**WORK REQUEST:** Restate the whole of the data below word for word, skipping the images.

**INFORMATION SUPPLIED:**
● ● ● ●
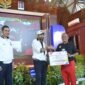 Gubernur Aceh, Muzakir Manaf, didampingi  sekretaris daerah Aceh, M. Nasir memberikan penghargaan kepada atlit/pelatih Aceh peraih medali pada PON XXI 2024 Aceh-Sumut di Anjong Mon Mata, Jum’at, 14/11/2025 (Foto:Dok.Biro Adpim Setda Aceh) 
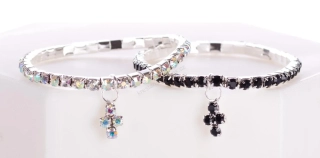 Třpytivý kamínkový náramek s křížkem - větší kamínky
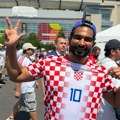 Ovo nikad niste videli: Amer u dresu Hrvatske podigao tri prsta, obožava Modrića i Đokovića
● ● ● ●
**SOLUTION:**
 Gubernur Aceh, Muzakir Manaf, didampingi  sekretaris daerah Aceh, M. Nasir memberikan penghargaan kepada atlit/pelatih Aceh peraih medali pada PON XXI 2024 Aceh-Sumut di Anjong Mon Mata, Jum’at, 14/11/2025 (Foto:Dok.Biro Adpim Setda Aceh) 
 Třpytivý kamínkový náramek s křížkem - větší kamínky
 Ovo nikad niste videli: Amer u dresu Hrvatske podigao tri prsta, obožava Modrića i Đokovića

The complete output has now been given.